In Barbagia, cuore selvatico della Sardegna, non si ha neanche la percezione di quello che è uno dei mari più ambiti del pianeta, figurarsi del lusso che in riva a quel mare è sparso. Montagne e precipizi, invece, resti nuragici e prati di peonie, grotte e alberi di agrifoglio.
Sul Supramonte corrono cavalli allo stato brado. Ad immergervisi cresce via via il sospetto di disturbare, di fare troppo rumore in un «mondo a parte», silenzioso, dove chiunque vi accede è considerato straniero. Virgilio Lilli, nel suo Viaggio in Sardegna, consiglia di entrarci con discrezione, «chiedendo il permesso, quasi si trattasse di mettere piede in un appartamento».

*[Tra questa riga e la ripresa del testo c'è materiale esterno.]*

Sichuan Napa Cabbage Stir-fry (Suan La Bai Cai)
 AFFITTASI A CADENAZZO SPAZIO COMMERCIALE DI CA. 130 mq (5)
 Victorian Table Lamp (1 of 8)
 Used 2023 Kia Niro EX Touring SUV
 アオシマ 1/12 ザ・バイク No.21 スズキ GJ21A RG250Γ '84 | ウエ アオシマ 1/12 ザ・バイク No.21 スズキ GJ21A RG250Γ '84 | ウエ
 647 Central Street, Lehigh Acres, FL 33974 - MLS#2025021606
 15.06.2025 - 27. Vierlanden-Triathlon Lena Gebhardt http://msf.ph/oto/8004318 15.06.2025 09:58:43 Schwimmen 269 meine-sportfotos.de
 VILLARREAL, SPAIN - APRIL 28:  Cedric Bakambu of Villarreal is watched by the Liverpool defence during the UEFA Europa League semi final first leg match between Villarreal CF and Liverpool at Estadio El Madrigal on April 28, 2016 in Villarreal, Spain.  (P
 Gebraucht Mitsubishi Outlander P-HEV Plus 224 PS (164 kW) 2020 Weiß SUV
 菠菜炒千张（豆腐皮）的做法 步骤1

Lunghi tratti di strada serpeggiante tra morbidi cuscini d’erba e cespugli, spruzzati qua e là di giallo e lilla, con rade macchie rosse di papaveri. Immersioni in ripidi tornanti e repentine riemersioni, su e giù come sulle montagne russe, in un verde avvolgente in cui gli unici simulacri di presenza umana sono i casolari bianchi dei pastori. Centri abitati che sembrano paesi-fantasma all’ora di pranzo. Lula, ad esempio, che appare improvvisa dietro l’ennesima curva, accoccolata sotto la muraglia del Montalbo. «Non piangete ragazze, torneremo», c’è scritto con lo spray sul muro di una casa di pietra. A guardarsi attorno viene da pensare che l’incitamento sia arrivato tardi, quando le ragazze, ormai, si erano già sciolte nelle lacrime, poiché non ve n’è traccia in giro. Nell’unico bar aperto, nella piazzetta, un trio di giovani balentes, scarpe grosse e pantaloni di velluto fino, abbandonano a loro volta la scena. Sul bancone, al centro di una scenografia deserta, è rimasta la scritta a pennarello sulla copertina di una rivista: «Boe».
Già, Matteo Boe, l’ultimo dei banditi classici, «il bandito alto e bello» nell’immaginario popolare. La sua casa è a poche decine di metri dal bar. In una grotta dell’incombente Montalbo ha custodito il piccolo Farouk, rapito a Porto Cervo e liberato (si dice) grazie all’intermediazione di Graziano Mesina, altro bandito da leggenda.
Ed è anche attraverso queste storie, che ancora aleggiano sul paesaggio, che si respira il profumo della «lontananza », in un Wild West ancora indocile all’addomesticamento.